Pedro Calado encontrava-se a cumprir o terceiro dia de inquirição, que teve hoje início cerca das 10:10, de acordo com a mesma fonte.

Segundo a fonte, o advogado do ex-autarca, Paulo Sá e Cunha, apresentou um requerimento alegando que Pedro Calado estava “desgastado e não ia responder a mais perguntas”.

Desta forma, o juiz de instrução criminal Jorge Bernandes Melo convocou os restantes advogados, André Navarro de Noronha e Raul Soares da Veiga, que representam Custódio Correia e Avelino Farinha, respetivamente, para que estejam presentes no início das alegações.

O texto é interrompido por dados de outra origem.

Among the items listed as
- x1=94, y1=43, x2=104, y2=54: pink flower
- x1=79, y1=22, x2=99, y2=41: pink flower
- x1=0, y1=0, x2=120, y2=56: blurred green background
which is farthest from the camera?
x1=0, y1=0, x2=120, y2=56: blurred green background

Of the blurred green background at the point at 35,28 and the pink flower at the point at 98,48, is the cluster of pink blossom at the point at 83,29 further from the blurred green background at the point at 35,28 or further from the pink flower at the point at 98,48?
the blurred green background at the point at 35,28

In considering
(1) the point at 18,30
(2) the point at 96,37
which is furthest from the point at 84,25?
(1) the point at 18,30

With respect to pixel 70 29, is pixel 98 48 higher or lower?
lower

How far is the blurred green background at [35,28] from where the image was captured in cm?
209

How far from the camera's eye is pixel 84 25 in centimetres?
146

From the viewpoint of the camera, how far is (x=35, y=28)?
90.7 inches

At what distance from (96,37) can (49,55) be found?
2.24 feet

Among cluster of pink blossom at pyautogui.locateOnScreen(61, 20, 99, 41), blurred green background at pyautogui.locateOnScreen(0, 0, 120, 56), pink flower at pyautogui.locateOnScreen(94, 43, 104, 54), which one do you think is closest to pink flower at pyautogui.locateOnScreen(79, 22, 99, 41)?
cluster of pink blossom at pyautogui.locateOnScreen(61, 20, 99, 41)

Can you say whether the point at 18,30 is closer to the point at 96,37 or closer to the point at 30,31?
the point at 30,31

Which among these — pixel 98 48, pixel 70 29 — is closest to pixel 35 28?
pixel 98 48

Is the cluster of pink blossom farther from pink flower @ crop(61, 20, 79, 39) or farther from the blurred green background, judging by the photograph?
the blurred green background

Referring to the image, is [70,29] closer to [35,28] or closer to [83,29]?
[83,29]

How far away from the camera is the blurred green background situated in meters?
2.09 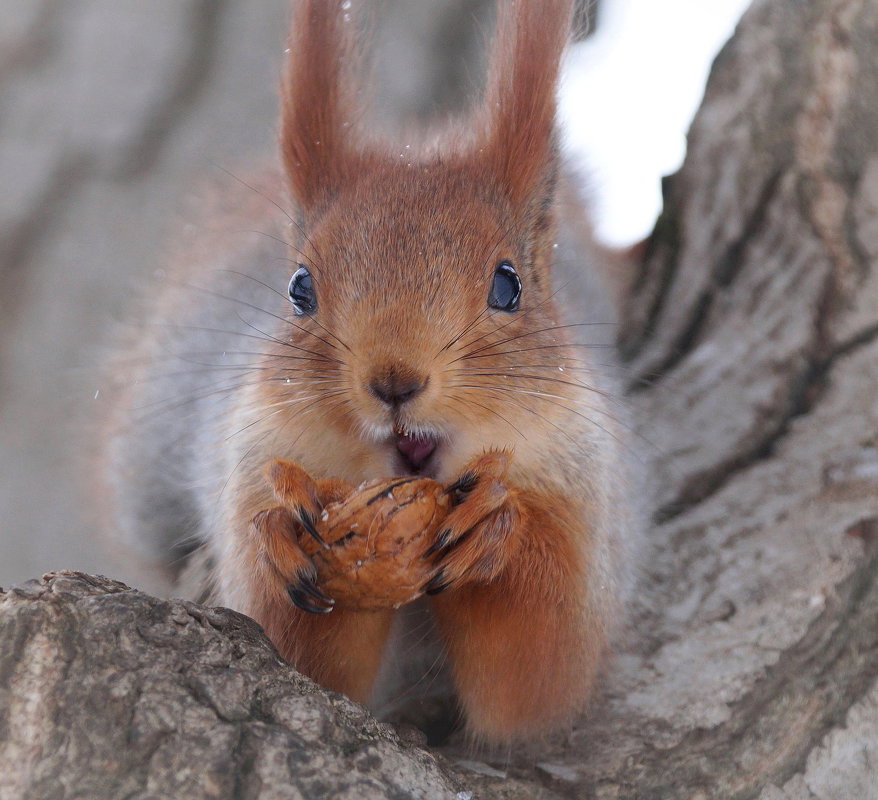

Pedro Calado foi o terceiro suspeito a ser ouvido no âmbito de um processo que investiga suspeitas de corrupção na Madeira, depois dos empresários Custódio Correia, principal acionista do grupo ligado à construção civil Socicorreia, e Avelino Farinha, líder do grupo de construção AFA.

À chegada ao tribunal no Campus da Justiça, em Lisboa, o advogado que representa o empresário Custódio Correia confirmou aos jornalistas que tinha sido chamado por ter terminado o interrogatório que decorria.

“Espero que o Ministério Público, com a maior rapidez possível promova as medidas para não se esperar mais, é do nosso interesse. Já são 16, 17 dias, ja perdi a conta”, afirmou.

Questionado sobre se as medidas vão ser conhecidas ainda antes do fim de semana, Navarro de Noronha salientou que tudo “irá depender do juiz”.

”Todos temos de fazer um esforço para, com critério e ponderação, fazer as coisas com maior rapidez possível, não tem de ser feito aos atropelos”, acrescentou, recordando tratar-se de “um caso único e nunca visto” estar-se tantos dias (16 após a detenção) sem serem conhecidas as medidas de coação.

Navarro de Noronha disse ainda ter as suas “noções e opiniões” sobre o que vai ser decretado, mas escusou-se a adiantar quais são.

A Polícia Judiciária (PJ) realizou, em 24 de janeiro, cerca de 130 buscas domiciliárias e não domiciliárias sobretudo na Madeira, mas também nos Açores e em várias zonas do continente, no âmbito de um processo que investiga suspeitas de corrupção ativa e passiva, participação económica em negócio, prevaricação, recebimento ou oferta indevidos de vantagem, abuso de poderes e tráfico de influência.

Na sequência das buscas, a PJ deteve o então presidente da Câmara do Funchal Pedro Calado (PSD), que renunciou ao mandato, Avelino Farinha e Custódio Correia.

A operação também atingiu o ex-presidente do Governo Regional da Madeira Miguel Albuquerque (PSD), que foi constituído arguido e renunciou ao cargo, o que foi formalmente aceite pelo representante da República na segunda-feira e publicado em Diário da República no mesmo dia.

De acordo com documentos judiciais a que a Lusa teve acesso, o Ministério Público refere que o ex-presidente do Governo Regional da Madeira, Miguel Albuquerque, o ex-presidente da Câmara Municipal do Funchal Pedro Calado (PSD) e o líder do grupo de construção AFA, Avelino Farinha, estabeleceram, “ao longo do tempo, uma relação de particular proximidade e confiança” que terá beneficiado aquele grupo empresarial “ao arrepio das regras da livre concorrência e da contratação pública”.

Entre os contratos alvo de investigação criminal, de acordo com os documentos judiciais estão a concessão de serviço público de transporte rodoviário de passageiros na ilha da Madeira, a concessão do Teleférico do Curral das Freiras, o projeto da Praia Formosa e o Funchal Jazz 2022-2023.